Juristen würden von herrschender Meinung sprechen. Diese ordnet die britische Demokratie eher dem Typus einer Konkurrenzdemokratie zu. Das deutsche politische System ist hingegen eher in Richtung einer Verhandlungs- und Konkordanzdemokratie ausgeprägt. Was dies alles im Einzelnen bedeutet, fassen die Informationen zur politischen Bildung der Bundeszentrale für politische Bildung sehr schön zusammen.

Deutlich werden die Unterschiede beider Systeme an den Wahlergebnissen auf nationaler Ebene. In Großbritannien gab es bis zur vorigen Wahl zwei große, konkurrierende Parteien, die sich in der Regierungsverantwortung ablösten. Mittlerweile ist eine dritte Partei hinzugestoßen, und auch auf der britischen Insel regiert eine Koalition.

In der Bundesrepublik gab es nur ein Mal in der Geschichte, bei der zweiten Kanzlerschaft Adenauers, eine absolute Mehrheit. Und selbst damals nahm er andere Parteien mit in die Bundesregierung auf. Hierzulande regieren wie selbstverständlich verschiedene Koalitionen.

Die politischen Koalitionen tragen in der Bundesrepublik nicht die alleinige Verantwortung. Eingebettet sind sie in ein breites Netz von korporatistischen Akteuren. Von den öffentlich-rechtlich organisierten TV-Sendern, Krankenkassen oder Kammern über Gewerkschaften und Unternehmerverbände, bis hin zu Kirchen und vielen weiteren mehr gibt es zahlreiche Akteure, mit denen politische Regierungen vor den eigentlichen Abstimmungen Positionen klären, diskutieren und – ja, auch – nivellieren.

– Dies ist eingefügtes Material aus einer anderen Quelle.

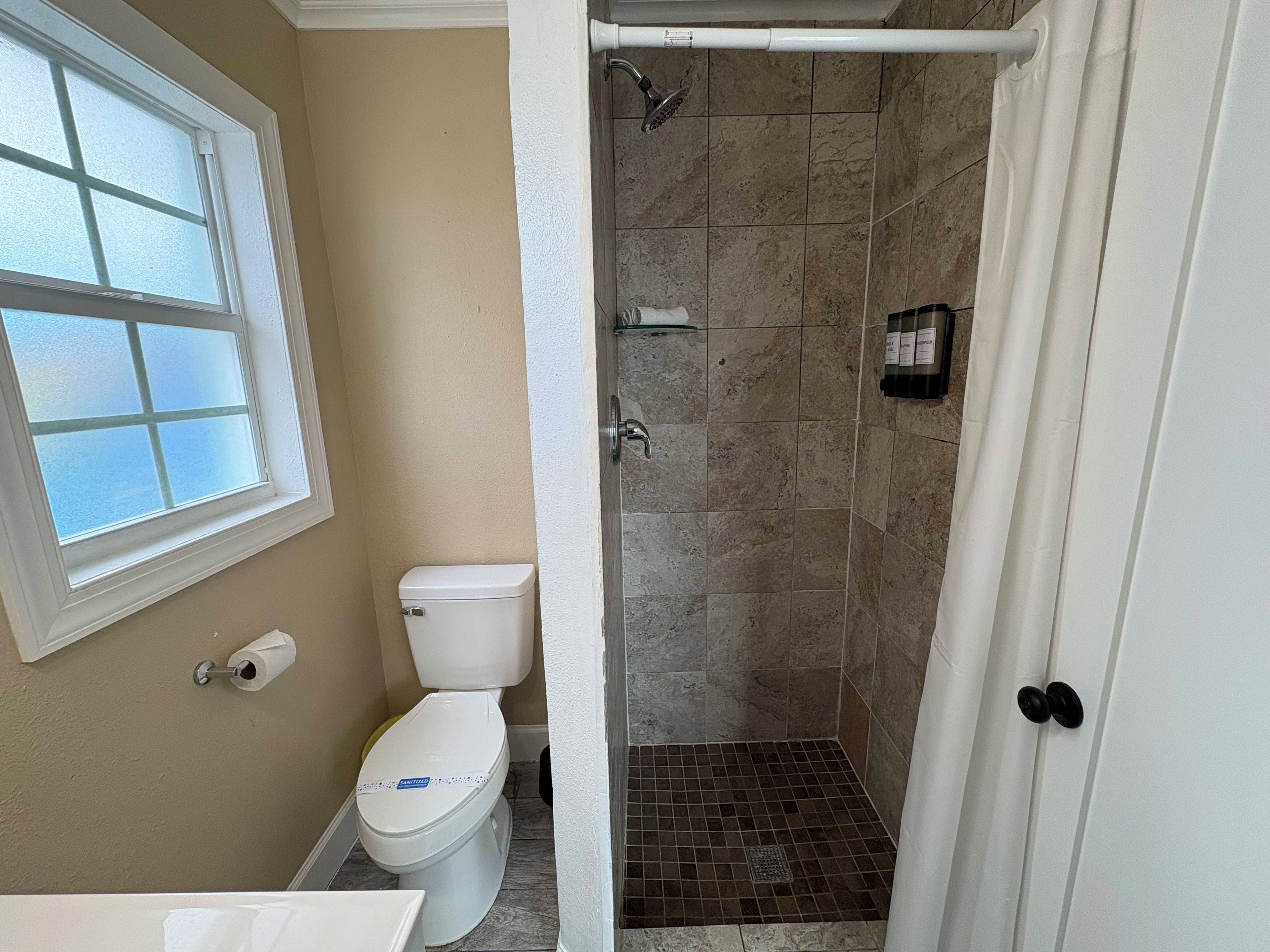 Une salle de bain avec des toilettes, un espace douche et une fenêtre.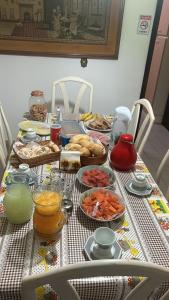 a table with food and drinks and food on it at Pousada Casa da Vó Dita in Ouro Fino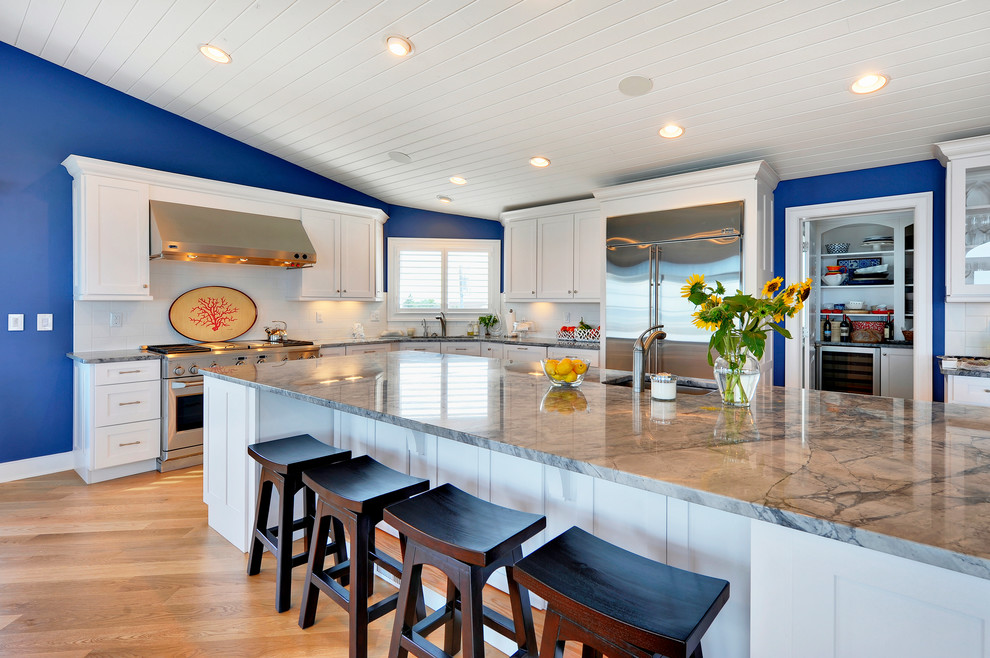Example of a transitional kitchen design in Philadelphia with shaker cabinets, white cabinets, white backsplash and stainless steel appliances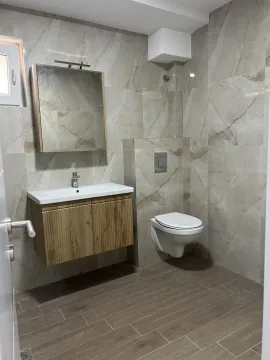 Moderno kupatilo obloženo keramičkim pločicama sa umivaonikom i visećom šoljom. - image 12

Großbritannien kennt diese konsensuale Organisationsform des politischen Systems so nicht. Seit verläuft Politik dort eher konfrontativ – worauf ja bereits die Sitzordnung im House of Commons hindeutet. Wesentliche Verhandlungspartner des Staates – nämlich die Gewerkschaften – hat Margret Thatcher einst entmachtet.

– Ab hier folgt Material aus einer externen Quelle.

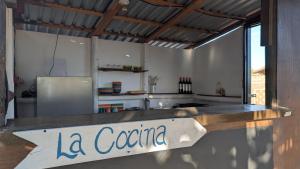eine Küche mit einem Schild, auf dem „la cena“ steht in der Unterkunft La Window Glamping in La Ventana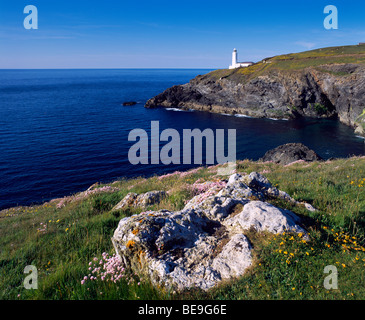 Stinking Cove and the lighthouse at Trevose Head viewed from Dinas Head on the North Cornwall coast near Padstow, Cornwall, England. Stock Photo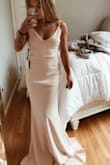 This dress is a beautiful color and makes my stomach look very slim. It shapes and hugs my body perfect and I am so happy! The dress was worn to a prom. - Emma C.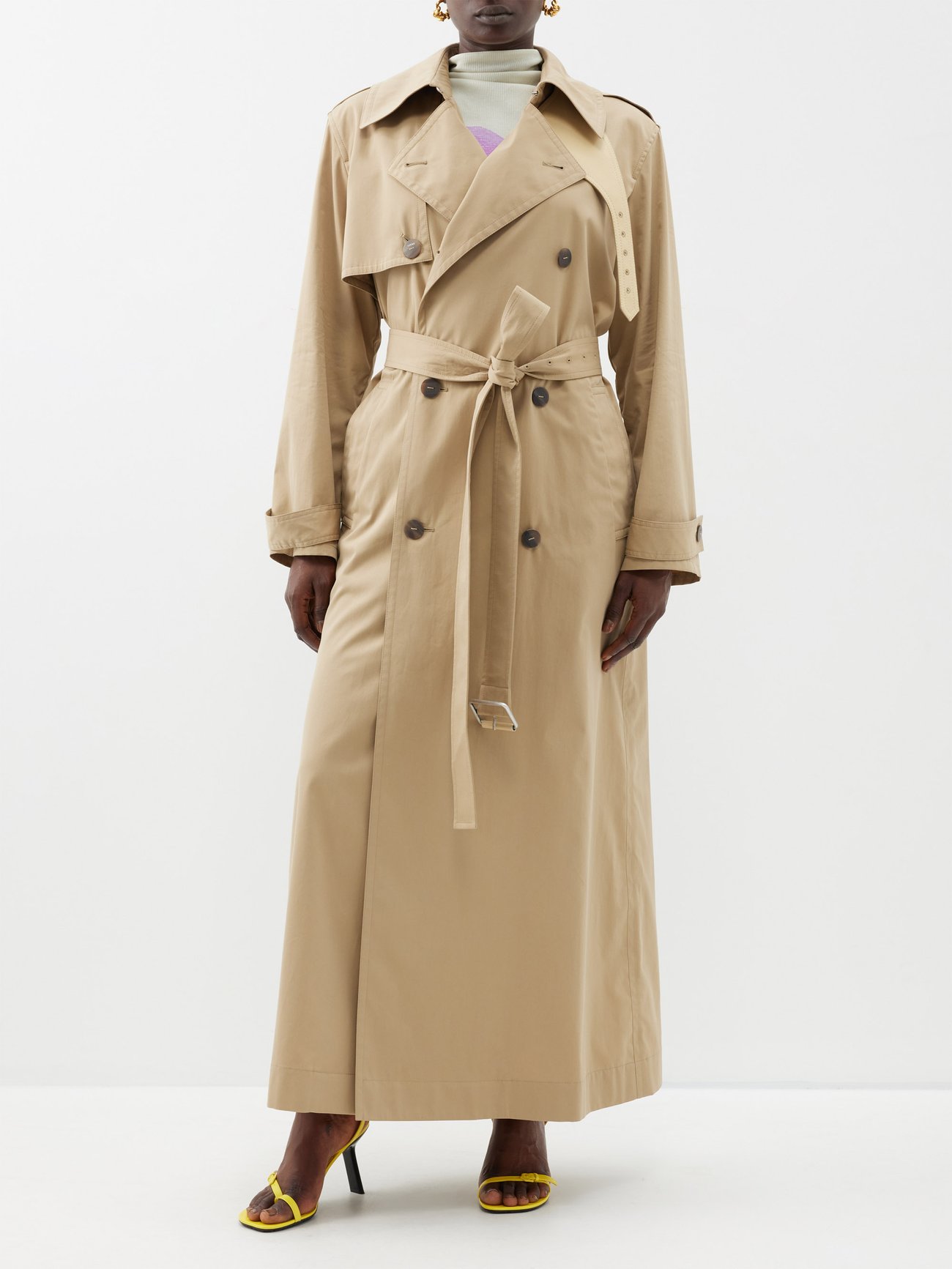 Tailored to a floor-length hem, LOEWE’s beige gabardine trench coat spotlights a storm flap, sharp notch lapels and is cinched at the waist with a buckled belt.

Warum diese langen Ausführungen? Nach meiner Ansicht ist die Kritik: In Deutschland werden politische Entscheidungen nicht aus dem Konflikt, sondern aus der klärenden Diskussion heraus getroffen, verkürzt. Ich mag nicht konstatieren, dass dieses Land undemokratisch sei. Vielmehr ist es ein Zeichen einer entwickelten Demokratie, wenn pluralistische Akteure bereits vor den Entscheidungen eingebunden und auch gehört werden. Allenfalls hätte die von Schröder zitierte Kritik aus der Sicht eines Briten für die britische Insel Gültigkeit.

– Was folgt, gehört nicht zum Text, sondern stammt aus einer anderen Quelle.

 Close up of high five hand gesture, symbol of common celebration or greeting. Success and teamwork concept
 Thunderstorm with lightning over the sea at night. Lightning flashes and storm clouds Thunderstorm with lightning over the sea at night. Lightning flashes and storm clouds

Für das europäische Festland sind andere Maßstäbe anzusetzen. Niemand würde der Schweiz, die eine weitgehende Reinform einer Konkordanzdemokratie betreibt – man schaue nur auf die dortigen Allparteien- und Proporzregierungen -, eine nicht-demokratische Verfasstheit unterstellen.

Mit nur wenig Aufwand kann eine Verhandlungsdemokratie wie in Deutschland auch in die Demokratievorstellung der derzeit trendigen Piratenpartei eingegliedert werden. Denn deren Konzept einer „Liquid Democracy“ ist auch nichts wesentlich anderes als eine repräsentative Demokratie, die an vielen Stellen offen ist für die Einwirkung der Bürgerinnen und Bürger.

Das Schlagwort „undemokratisch“ lässt sich – bezogen auf obiges Zitat – dann auch schnell mit einem weiteren Schlagwort beiseitewischen: „Transparenz“. Undemokratisch wird „Verhandlungsgeklüngel“ dann, wenn die Gespräche im Verborgenen stattfinden und die Entscheidungsgrundlagen nicht offengelegt werden. ACTA ist dafür ein wunderbares Beispiel. Fazit: Nicht Verhandlungen oder Konsenssuche sind undemokratisch, sondern das Verbergen solcher Aktivitäten.